## Crawled caption data
*** Block opens ***

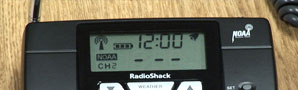Photo of weather radio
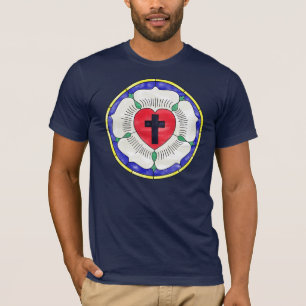 T-shirt Vitrail de la Rose de Luther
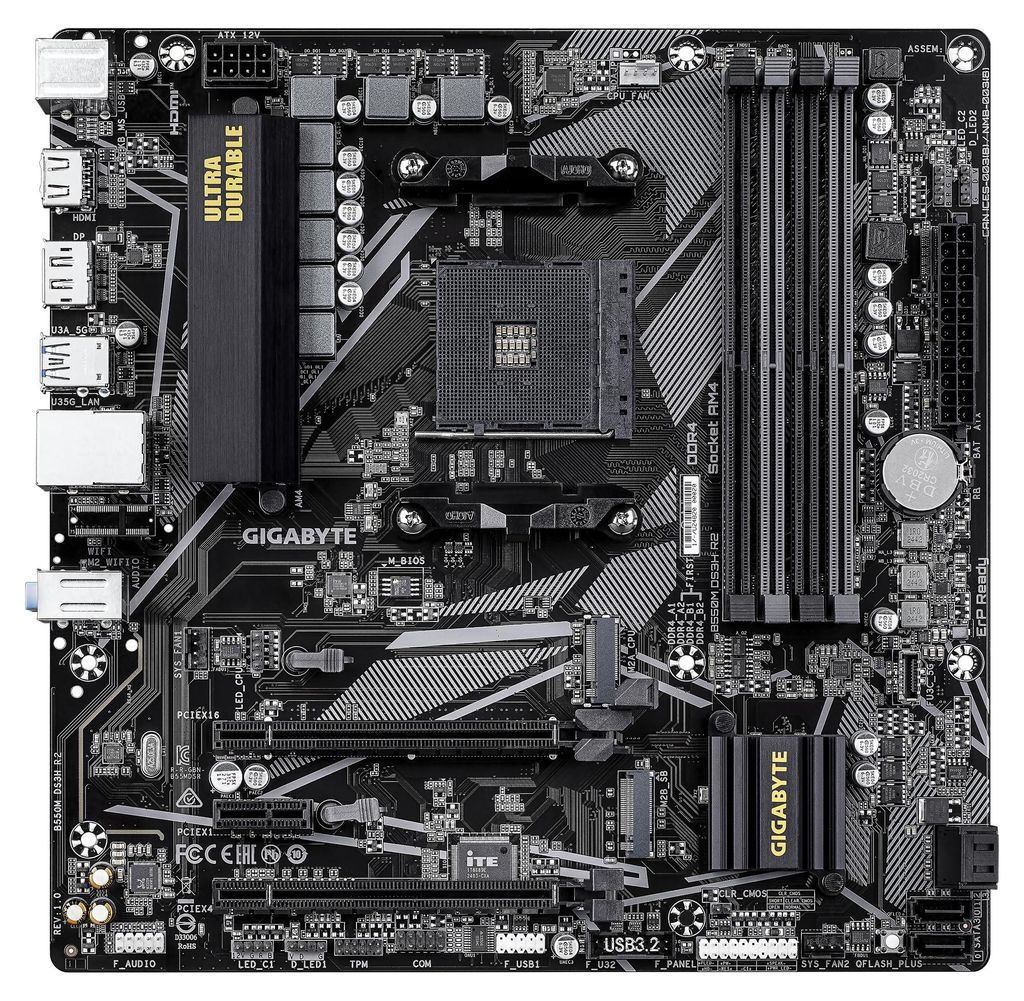 GIGABYTE B550M DS3H R2, AMD, Socket AM4, AMD Ryzen 3000 Zdjęcie produktu 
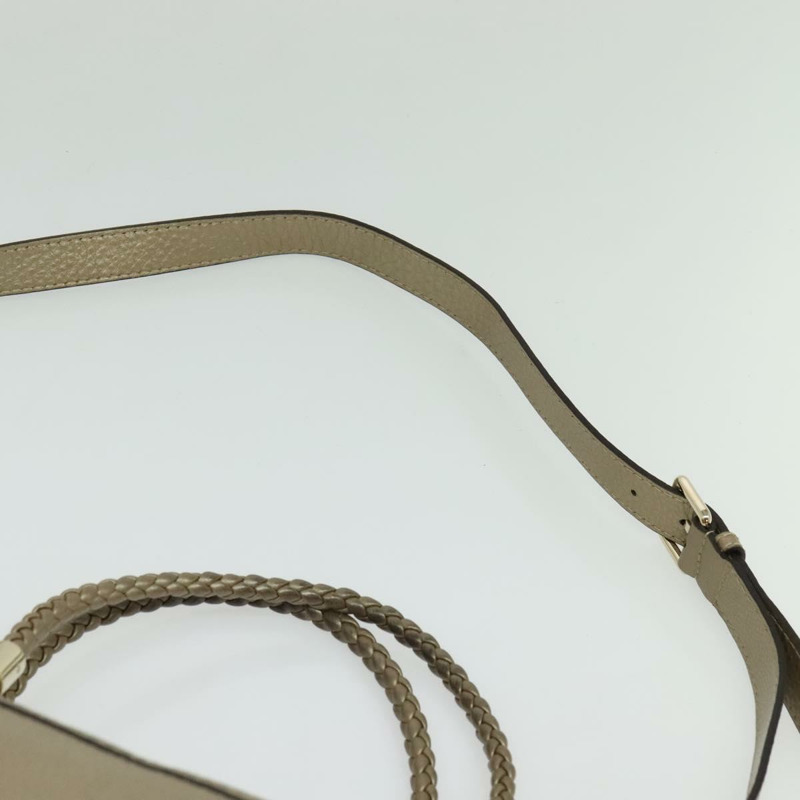 【日本直送】GUCCI 竹節手提包 皮革 2 向 金色 282300 正品 139306-13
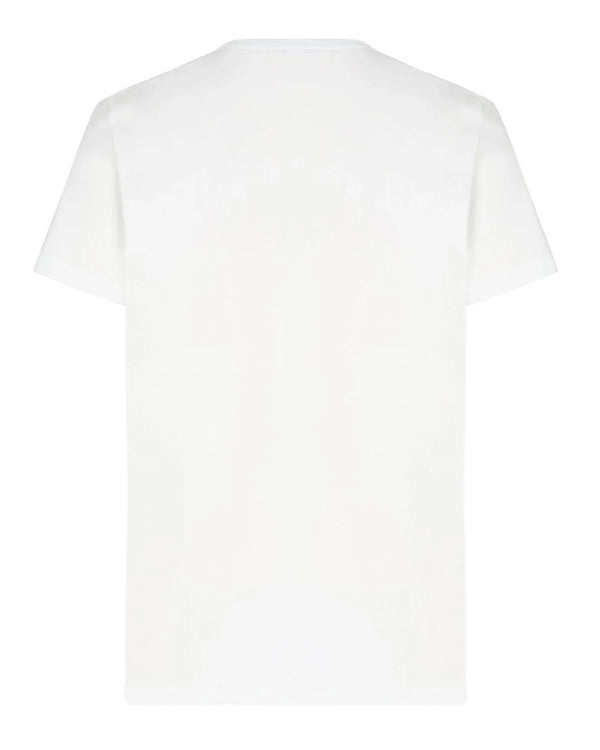Balmain Vintage Silver Gel Logo T-Shirt in White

*** Block closes ***

## How to complete this task
Keeping the pictures out, print the entries above exactly as written.

## The answer
Photo of weather radio
 T-shirt Vitrail de la Rose de Luther
 GIGABYTE B550M DS3H R2, AMD, Socket AM4, AMD Ryzen 3000 Zdjęcie produktu 
 【日本直送】GUCCI 竹節手提包 皮革 2 向 金色 282300 正品 139306-13
Balmain Vintage Silver Gel Logo T-Shirt in White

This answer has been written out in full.